Task:
Every line below needs to be printed again exactly, without any of its pictures.
---------- Supplied data ----------
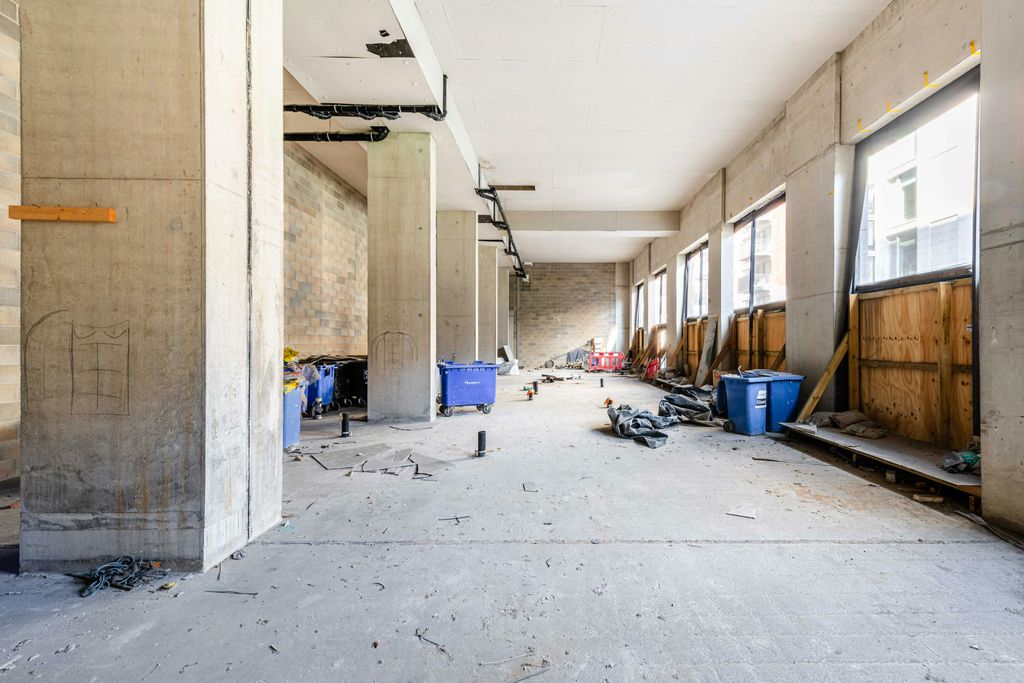 Property photo 3 of 9 Royal Wharf 2202  Low Res 6.Jpg
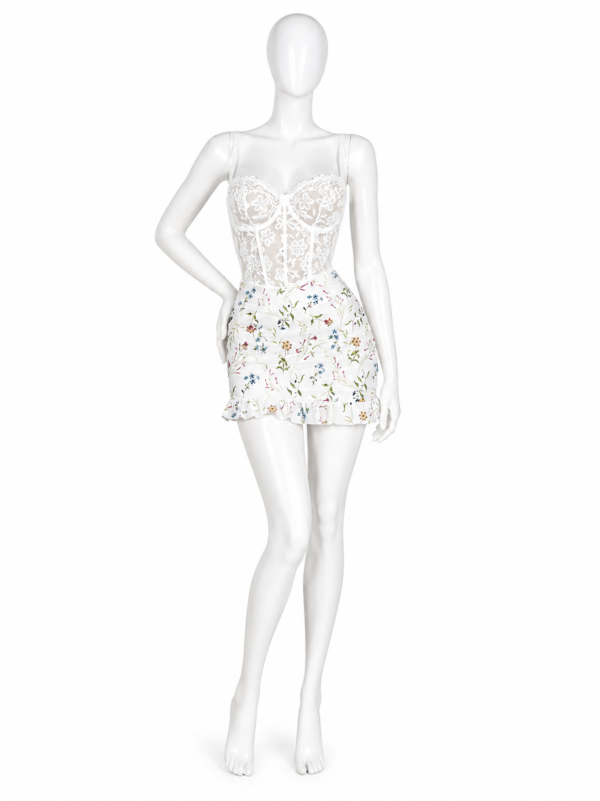 Ensemble Nuisette Florale en Dentelle – Élégance Romantique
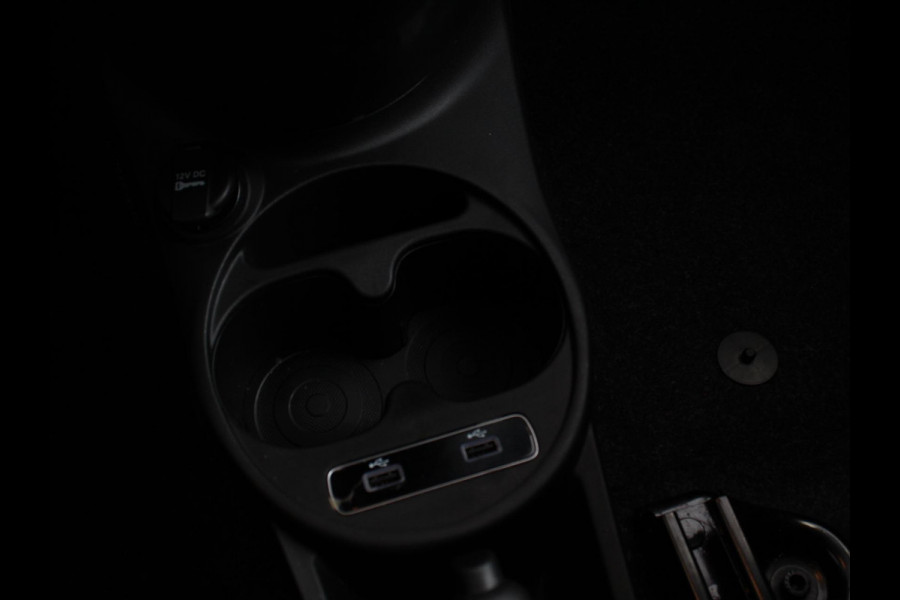 Fiat 500 1.0 Hybrid Vita Comfort | Navigatie | Apple Carplay/Android Auto | Parkeer sensoren | Cruise Control | Airco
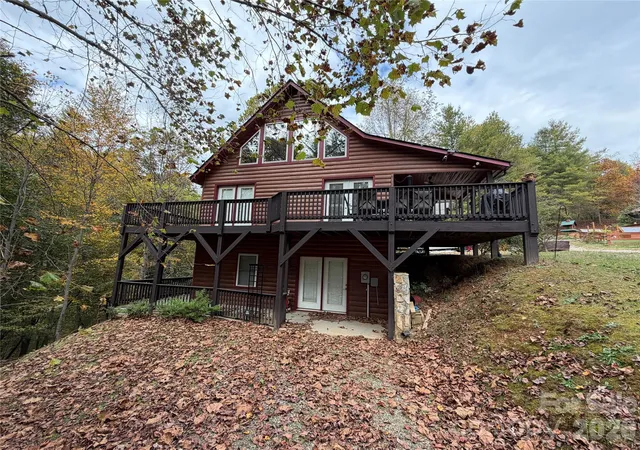 Photo 1 of Single family home for sale at 183 E Weaver Frd Rd, Grassy Creek, NC 28631 | MLS# 4438469 | Listing updated on 2026-10-28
----------
Answer:
 Property photo 3 of 9 Royal Wharf 2202  Low Res 6.Jpg
 Ensemble Nuisette Florale en Dentelle – Élégance Romantique
 Fiat 500 1.0 Hybrid Vita Comfort | Navigatie | Apple Carplay/Android Auto | Parkeer sensoren | Cruise Control | Airco
 Photo 1 of Single family home for sale at 183 E Weaver Frd Rd, Grassy Creek, NC 28631 | MLS# 4438469 | Listing updated on 2026-10-28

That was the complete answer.